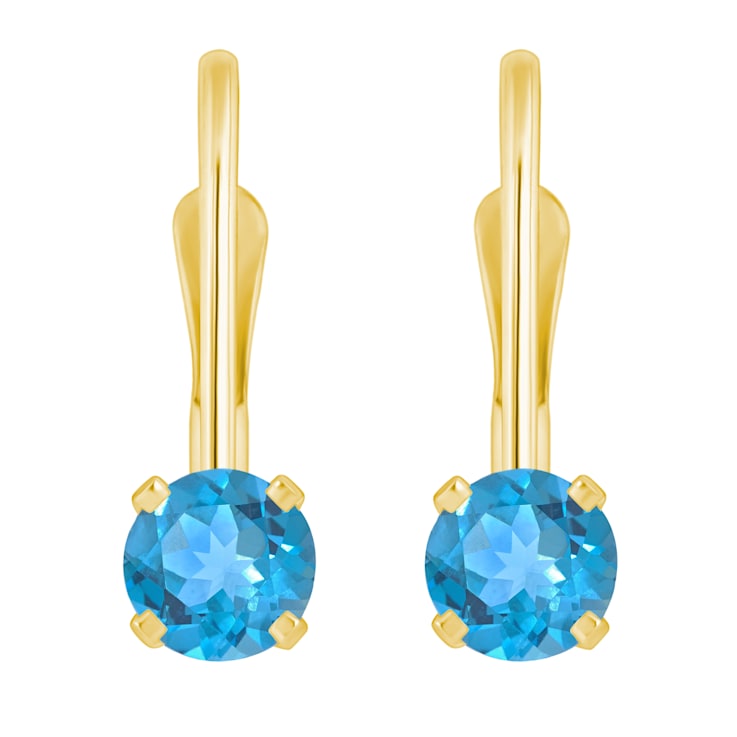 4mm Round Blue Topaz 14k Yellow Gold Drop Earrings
☆ ☆ ☆ ☆ ☆
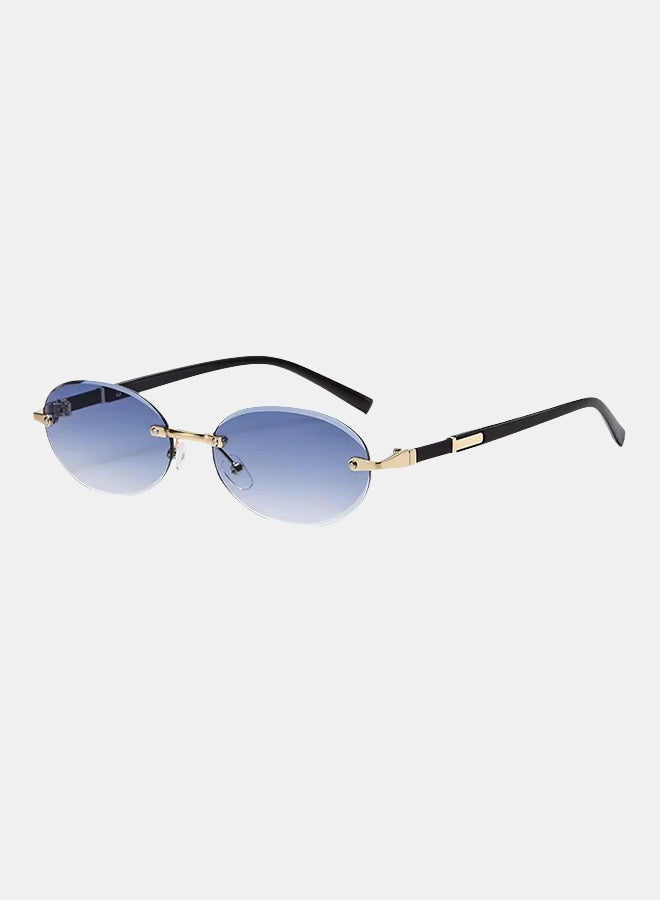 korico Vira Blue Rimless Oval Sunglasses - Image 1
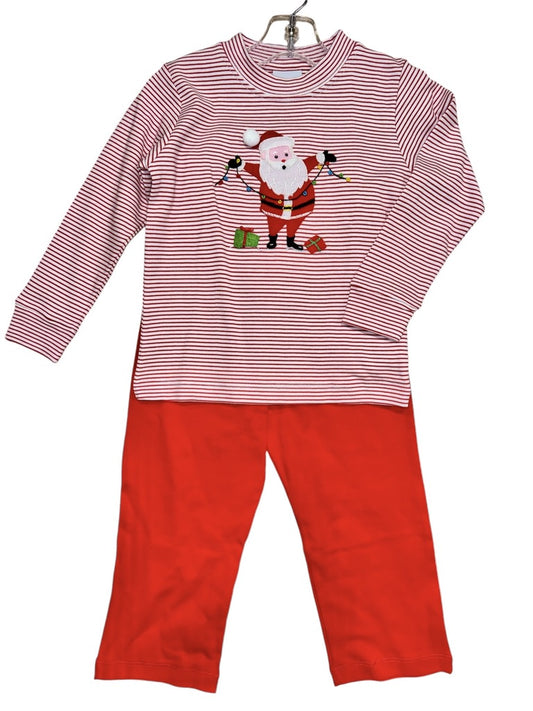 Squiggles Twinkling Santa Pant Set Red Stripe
☆ ☆ ☆ ☆ ☆
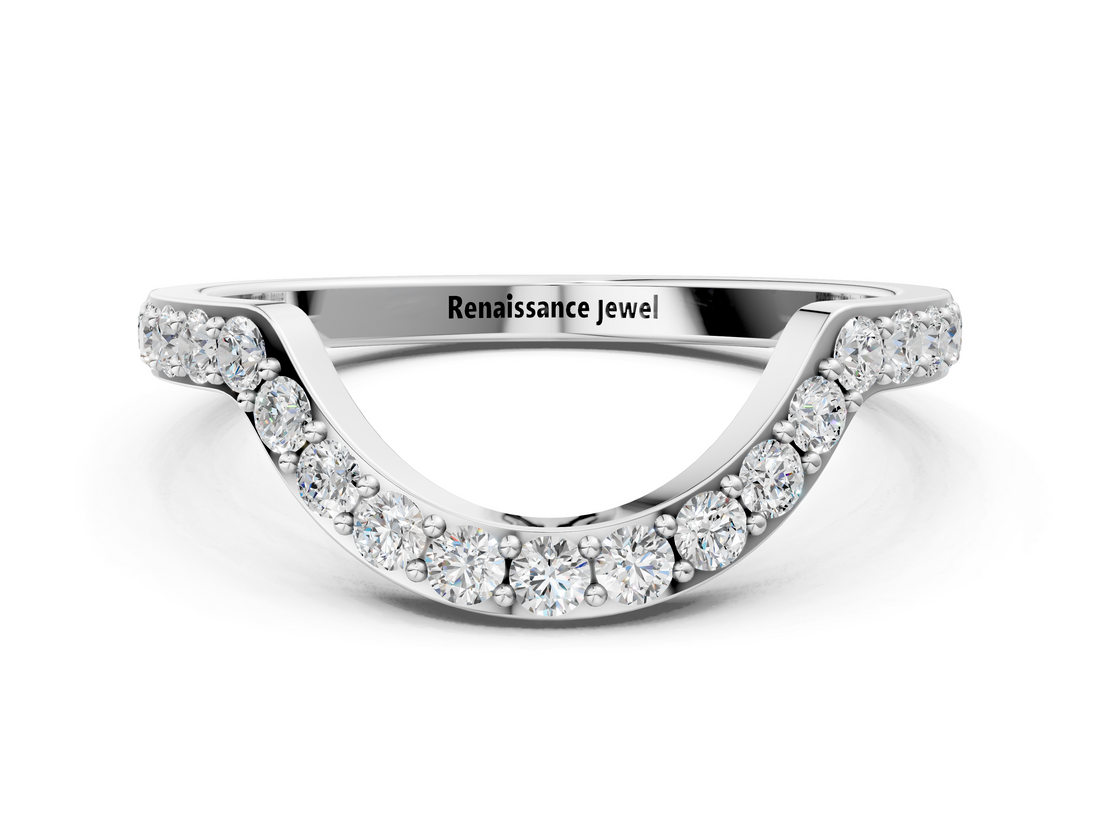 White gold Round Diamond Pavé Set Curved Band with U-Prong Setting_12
☆ ☆ ☆ ☆ ☆
_TASK TO COMPLETE_: Please repeat, exactly as written, the lines in the records above, starting with the one that has "korico Vira Blue" and going on through the one that has "Squiggles Twinkling Santa". Pictures are to be left out.

_RESULT_:
 korico Vira Blue Rimless Oval Sunglasses - Image 1
 Squiggles Twinkling Santa Pant Set Red Stripe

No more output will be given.